The purpose of the daily stand up meeting in Scrum is for the team to synchronize with each other. The standard format is to time box the exercise to 10 or 15 minutes at a fixed time daily to ensure it happens, and happens quickly by not allowing people to sit down and get comfortable.

It’s organized by the Scrum Master, and each team member briefly recaps:

  1. What they worked on yesterday
  2. What they’re working on today
  3. Any blocking issues
Only team members talk, i.e. the folks who committed to the work. The Product Owner and Management are welcome to attend, mostly to observe, and the Product Owner can chime in to add clarification if necessary.

The two main risks of the daily stand up are:

  1. It becomes a status report session
  2. The team reports status to the Scrum Master

The purpose of the meeting is to synchronize – to ensure there is a common understanding as to where everyone is at as a part of delivering the team’s commitment to the Product Owner for that Sprint. Meaning that it’s not about individual commitments, but how as a team are we going to get all this stuff to a potentially shippable state.
In a retrospective today we had this exact discussion, that although we know in theory stand ups are for synchronizing, how can the team increase the effectiveness of this? One of the takeaways was to view the stand up as a way to “create a plan for the day”.

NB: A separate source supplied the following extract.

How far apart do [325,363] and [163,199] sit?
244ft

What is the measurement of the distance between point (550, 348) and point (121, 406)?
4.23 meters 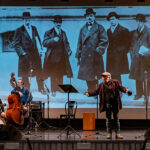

Instead of developers merely picking off the next thing in the Sprint backlog that needs to be coded, and QA testers jumping on whatever is ready for testing… opening up more opportunity to leverage the “team is a team” concept where you’re not limited by title – if QA or Analysts are involved in heavy duty testing, but as a developer you’re wrapping up something relatively simple by 11am, and if another developer is able to do the testing on it to move it forward… that’s the kind of stuff you can talk about in your stand up where you’re coordinating what the day is going to look like for the team.